U.S. Senator Maria Cantwell, the Ranking Member of the Senate Committee on Commerce, Science, and Transportation, has called for a hearing with the CEOs of AT&T and Verizon regarding ongoing concerns about network security following the Salt Typhoon cyberattack. In a letter to Committee Chairman Ted Cruz, Cantwell stated that both companies have not been transparent about their responses to the attack.
"For months, I have sought specific documentation from AT&T and Verizon that would purportedly corroborate their claims that their networks are now secure from this attack," wrote Sen. Cantwell. "Unfortunately, both AT&T and Verizon have chosen not to cooperate, which raises serious questions about the extent to which Americans who use these networks remain exposed to unacceptable risk. Since then, expert witnesses warned this Committee about the ongoing security risks posed by Salt Typhoon, while reports indicate that Salt Typhoon hackers are likely still inside U.S. telecommunications networks and may have even breached email accounts used by congressional staff."

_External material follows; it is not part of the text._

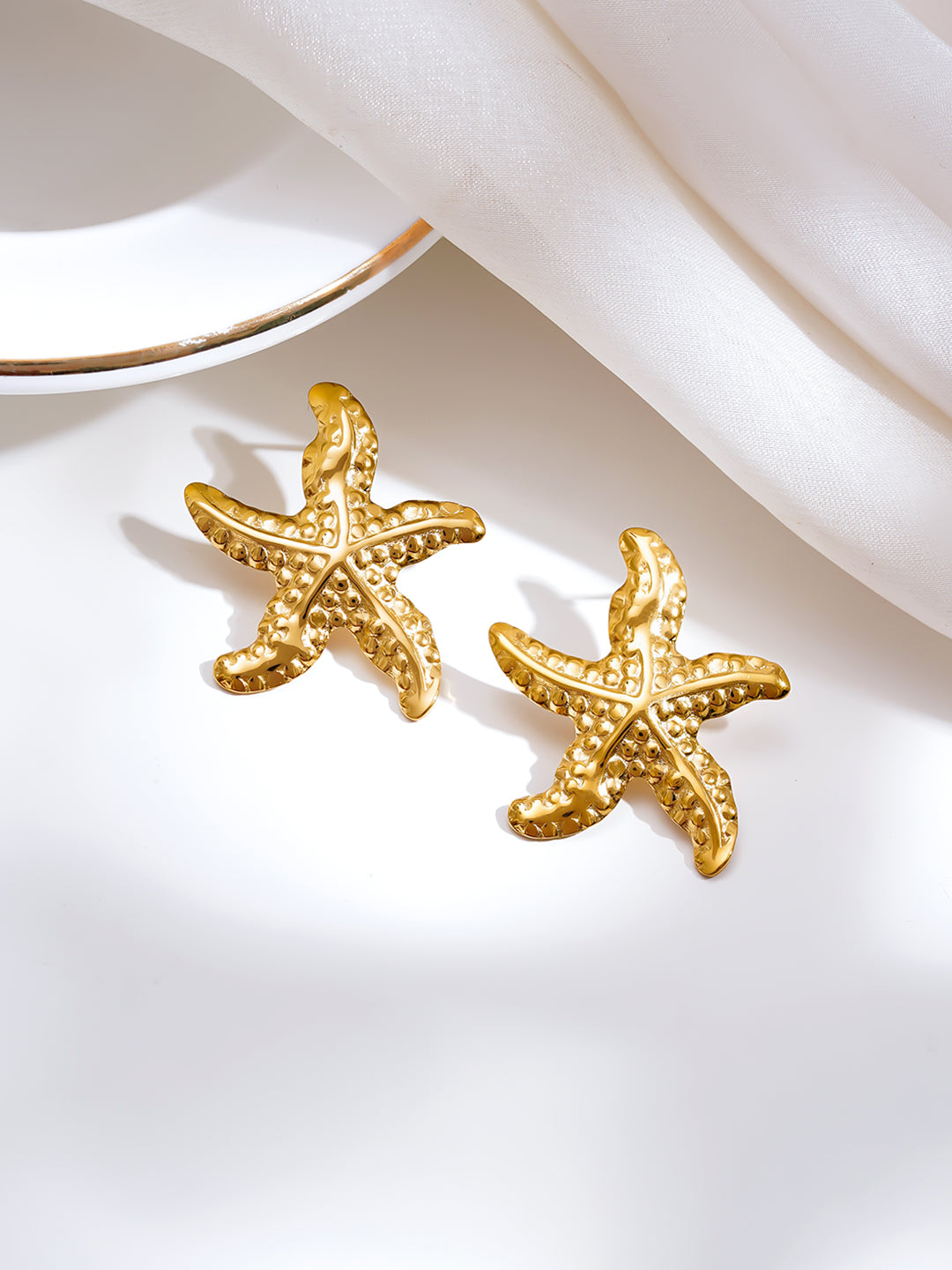 Demi Fine 18K Gold Plated Stainless steel Coastal Charm Statement Earrings Length - 3.2 cm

Cantwell referenced recent expert testimony indicating that providers such as AT&T and Verizon may not be taking sufficient steps to protect customer data after the breach. She cited December testimony from a former Chief of the Federal Communications Commission’s Public Safety and Homeland Security Bureau before the Telecommunications Subcommittee: "[I]n December the former Chief of the Federal Communications Commission’s Public Safety and Homeland Security Bureau testified before the Telecommunications Subcommittee, ‘I’m not convinced that providers will take sufficient and sustained actions in the wake of Volt and Salt Typhoon without a strong verification regime’ and further stated: ‘if the providers are not doing basic hygiene across their networks consistently, then yes, they should be held accountable,’" continued Sen. Cantwell.
Despite requests for key documents detailing efforts to remediate vulnerabilities identified by Mandiant—the company hired by both telecoms for security assessments—AT&T and Verizon have declined to provide them. According to Cantwell's statement, Mandiant also did not provide requested documentation at what appears to be at AT&T’s and Verizon’s direction.
"If AT&T and Verizon are not going to provide Congress key documentation voluntarily, then I believe this Committee must promptly convene a hearing with their CEOs so they can explain why Americans should have confidence in the security of their networks amid mounting evidence that the Salt Typhoon hackers remain active and undeterred," concluded Sen. Cantwell. "The American public deserves transparency and certainty that our nation’s major telecommunications networks are not currently exposed to unacceptable risks. This oversight hearing would be an opportunity to provide precisely that."
Cantwell also noted previous opposition to an FCC decision made in November 2025 when she wrote FCC Chairman Brendan Carr urging against rolling back rules designed after Salt Typhoon aimed at protecting U.S. data networks from future attacks; however, those rules were rescinded in a party-line vote.
The FBI has described Salt Typhoon as one of most significant cyber espionage breaches affecting more than 200 U.S organizations across 80 countries since its discovery in 2025. The agency has recommended encrypted messaging applications due to ongoing vulnerabilities stemming from this attack.
In her letter addressed February 3rd, Cantwell urged prompt action so Americans can gain clarity regarding potential risks within major telecommunications infrastructure.